Les « étrangers » « les chômeurs » et « les femmes » sont utiles pour « faire pression » sur les salaires. Les violences sont utiles pour tenir les opprimé-es tranquilles. Le racisme et le sexisme sont utiles pour tenir les « étrangers » et les « femmes » tranquilles. Les violences contre les lesbiennes sont utiles pour exciter les misogynes, contre les trans pour réconforter les réacs cisgenre, contre les gays pour rassurer les mâles hétéros. La guerre de chacun contre tous est utile pour que tous ne s’unissent pas pour faire la guerre à la guerre et au capital…Le patronat est sans vergogne, il se sert de tout, partout.
C’est la force des études et des réflexions intersectionnelles d’avoir mis en lumière ce « cœur commun » et d’avoir ainsi désigné l’ennemi, à la croisée de ces oppressions. C’est la raison pour laquelle les réactionnaires et les défenseurs du Capital sont rendus fous/folles par ce qu’ils appellent désormais « le houoquisme » (« wokisme » dans le texte).
Leur trouille de voir non seulement une union des luttes mais surtout une union des objectifs de ces luttes est intense, et à juste titre, dirais-je, car nous avons désormais une force immense entre nos mains.
C’est la raison aussi pour laquelle tout ce qui parle Dé-Croissance et sauvegarde de l’environnement rencontre chez ces mêmes réactionnaires les rictus les plus haineux. On en est quand même à invectiver les « terroristes verts » (sic). Le niveau.
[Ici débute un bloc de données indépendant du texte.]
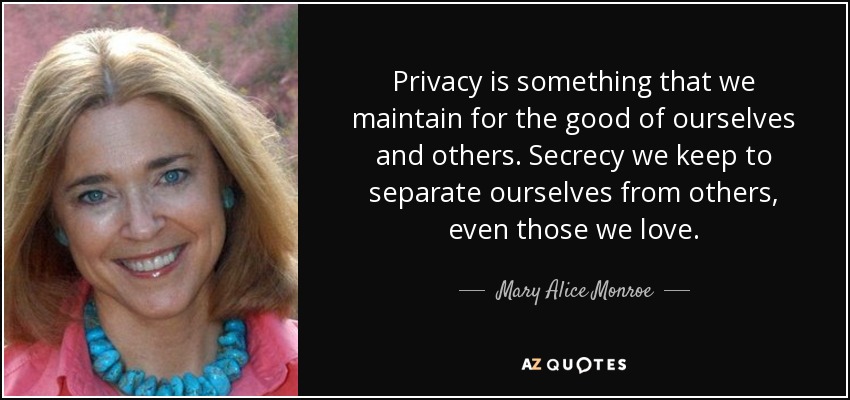 Privacy is something that we maintain for the good of ourselves and others. Secrecy we keep to separate ourselves from others, even those we love. - Mary Alice Monroe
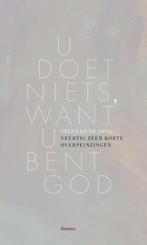 U doet niets, want U bent God 9789021143590 Stephan de Jong, Verzenden, Zo goed als nieuw, Stephan de Jong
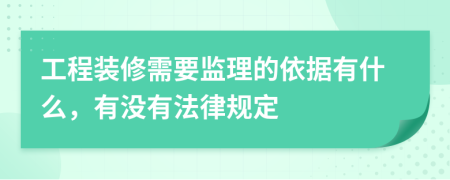 工程装修需要监理的依据有什么，有没有法律规定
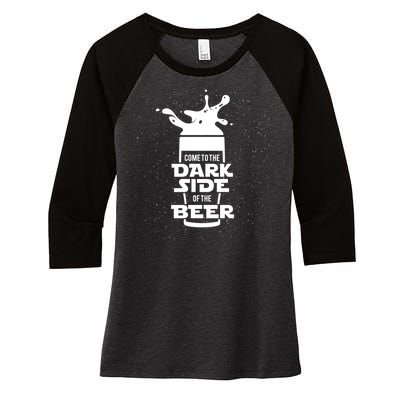 Come To The Dark Side Of The Beer Women's Tri-Blend 3/4-Sleeve Raglan Shirt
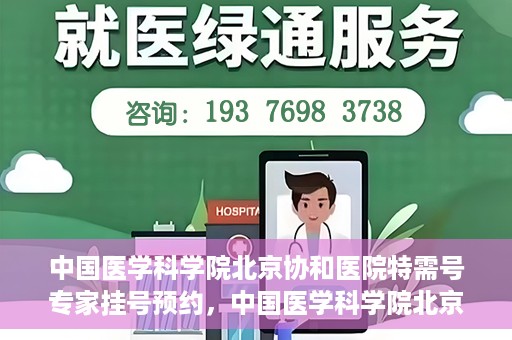 中国医学科学院北京协和医院特需号专家挂号预约，中国医学科学院北京协和医院特需号专家挂号预约攻略解析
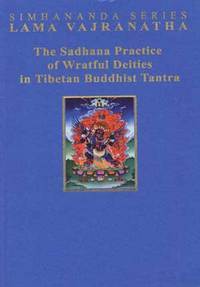 The Sadhana Practice of Wrathful Deities in Tibetan Buddhist Tantra (Paperback)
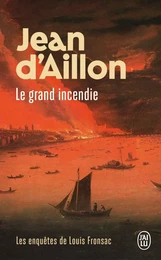 Les enquêtes de Louis Fronsac - Le grand incendie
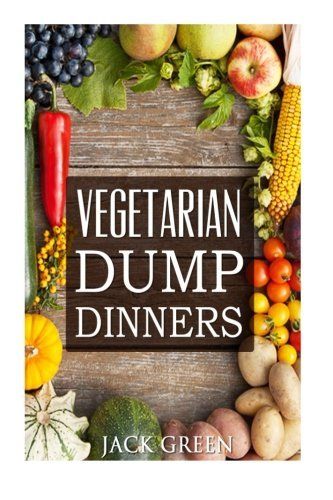 Vegetarian Vegetarian Dump Dinners Gluten Free Plant Based Eating On A Budget CrockpotQuick MealsSlowcookerCast Iron ** Want to know more, click on the image. Vegetarian Dump Dinners, Eating On A Budget, Gluten Free Plant Based, Eat On A Budget, Dump Dinners, Jack Green, Food Test, Plant Based Eating, Free Plants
Penser en tant que classe(s) dont les oppressions se recoupent est la seule manière de lutter efficacement contre le coup d’Etat que le capitalisme nous concocte encore avec M. Macron (il a essayé Mme Le Pen : ça n'est pas passé loin mais pour l’heure ça n’a pas fonctionné - il retentera car vous comprenez, il faut ce qu’il faut). Ce n’est pas « seulement » un problème de « démocratie » : ici démocratie veut dire simplement « possibilités de la lutte des classes ». Possibilité de combattre pacifiquement (pour le moment) la barbarie que le Capital nous impose.
La barbarie est là depuis toujours en réalité, mais elle est tellement quotidienne et si peu spectaculaire, et la société du spectacle est si prompte à absorber et à banaliser les évènements insupportables, indignes, mais pourtant oui elle est là depuis toujours au quotidien : celleux qui se noient dans la Méditerranée, celleux qui dorment avec des petits enfants dans des logements insalubres, celleux qui crèvent de froid dehors, celleux qui subissent le quasi-esclavage des « boulots de merde » mal traités, mal payés mais sans lesquels on n’a vraiment plus rien, celleux qui subissent le racisme « de tous les jours », celleux qui ramassent là-bas sous les coups de fouet les minerais qui garniront nos smartphone ici…
N'oublions pas non plus celles qui (n’en déplaisent à ceux qui pensent que tout ce qui n’est pas taliban est égal à la liberté des femmes), celles qui subissent quotidiennement sexisme, harcèlement, violences, discriminations… (et souvent en plus d’autres formes d’oppression – mes sœurs je mesure votre courage, votre force).
On leur dit « mais réjouissez-vous quand-même, bandes d’ingrates, vous n’êtes pas en Iran, vous n’êtes pas en Afghanistan » comme si ne pas être une femme iranienne ou afghane signifiait nécessairement l’apogée d’une vie de femme, et était égal à jouir de tous les biens dans le meilleur des mondes possibles.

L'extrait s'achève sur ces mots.